Introduced February 20, 2026 by Judy Chu · Last progress February 20, 2026
The bill trades expanded stability, work authorization, and procedural remedies for certain long‑settled Southeast Asian noncitizens—improving legal protections for those communities—against increased fiscal, administrative, and potential enforcement risks, plus legal and political tensions over due‑process and immigration control.
Long-settled Cambodian, Laotian, and Vietnamese noncitizens (and their families) gain substantive stability—many prior removal orders can be vacated, they can reopen proceedings, are protected from detention/removal, and eligible individuals receive renewable work authorization—enabling lawful employment and family stability.

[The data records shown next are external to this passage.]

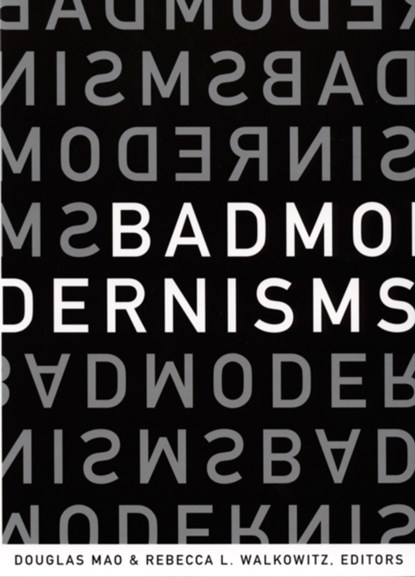 Bad Modernisms, Douglas Mao ; Rebecca L. Walkowitz - Paperback - 9780822337973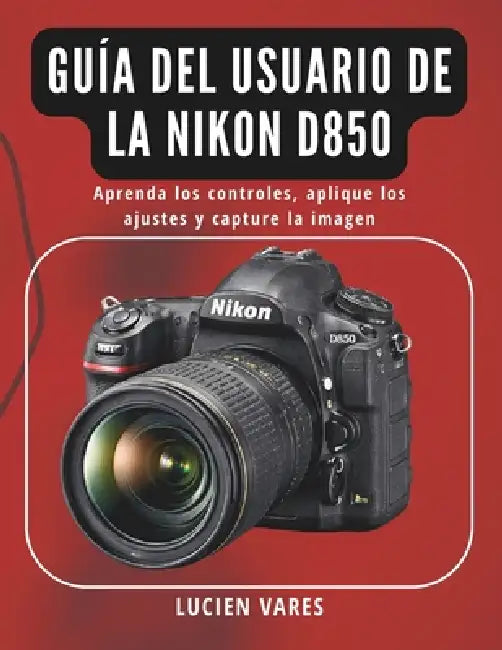 Guía del usuario de la Nikon D850: Aprenda los controles, aplique los ajustes y capture la imagen by Lucien Vares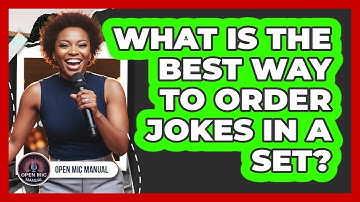 What Is The Best Way To Order Jokes In A Set?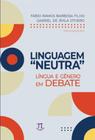 Linguagem neutra”. língua e gênero em debate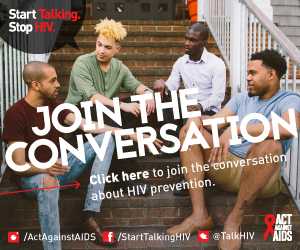 Start Talking. Stop HIV. Join the conversation. Click here to join the conversation about HIV prevention. Act Against AIDS. Instagram/Act Against AIDS, Facebook/StartTalkingHIV, Twitter @TalkHIV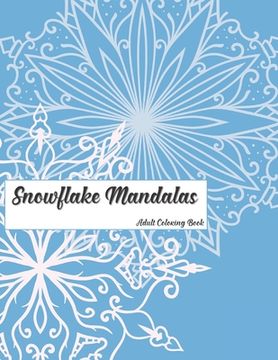 portada Snowflake Mandalas: Adult Coloring Book (en Inglés)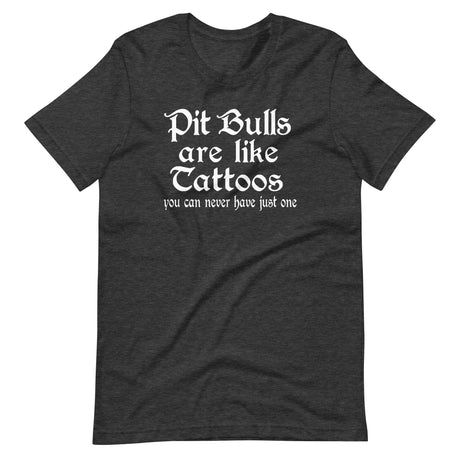 Pit Bulls Are Like Tattoos Shirt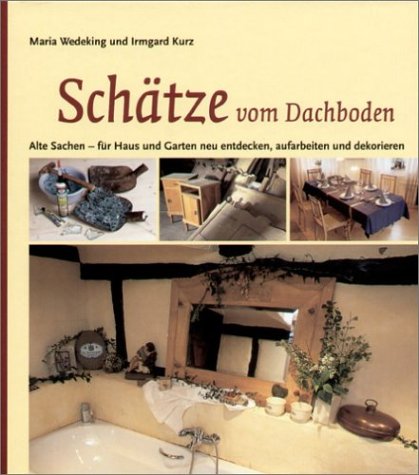 Beispielbild fr Schtze vom Dachboden: Alte Sachen - fr Haus und Garten neu entdecken, aufarbeiten und dekorieren zum Verkauf von medimops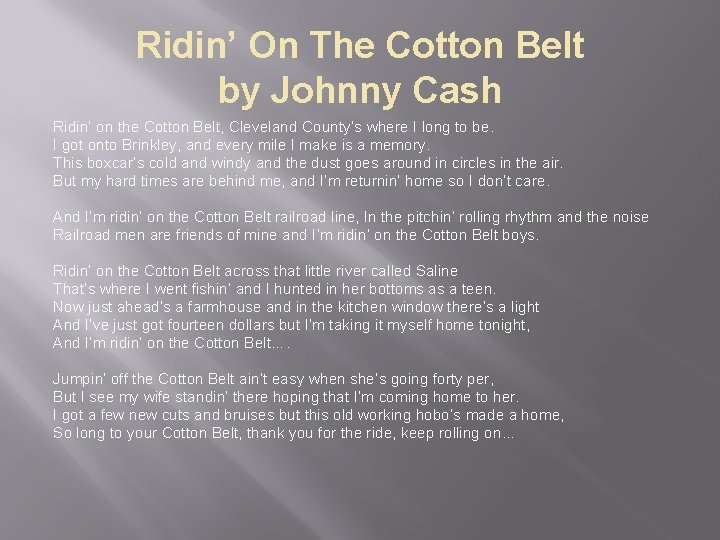 Ridin’ On The Cotton Belt by Johnny Cash Ridin’ on the Cotton Belt, Cleveland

Restores and expands access to judicial relief and clearer procedural routes—motions to reopen are not time-barred, denials are subject to de novo federal district court review, and statutory reopening avenues are clarified—improving legal remedies for impacted noncitizens.
Reduces routine administrative burdens for eligible noncitizens by limiting in‑person supervision check‑ins (virtual contact no more than every 5 years) and providing clear written filing instructions, lowering travel costs and procedural errors for individuals and the immigration system.
Some provisions and related findings could enable expanded removals and reduced due‑process protections for Southeast Asian long‑term residents (and others) through amended enforcement agreements and statutory changes, increasing risk of deportation and human‑rights harms.
Taxpayers may face meaningful new costs for implementation and benefits processing—including government‑funded travel/return, parole and admission processing, work‑authorization processing, and potentially expanded renewal systems.
Reopening many prior removal cases and expanding eligibility will increase caseloads for immigration courts, federal district courts, and DHS (including individualized notice requirements), potentially slowing other proceedings and straining agency staff.
Based on analysis of 6 sections of legislative text.
Prevents detention and deportation of Cambodian, Laotian, and Vietnamese nationals who entered the U.S. on or before January 1, 2008 and have lived continuously in the United States since that entry. It requires DHS to authorize renewable work authorization, relaxes in-person supervision requirements, directs the Department of Justice to reopen and vacate prior removal orders for eligible people and treat those orders as never having occurred, requires federal notice and return-travel support for eligible persons, and creates a private right of action (including class actions) to enforce the law.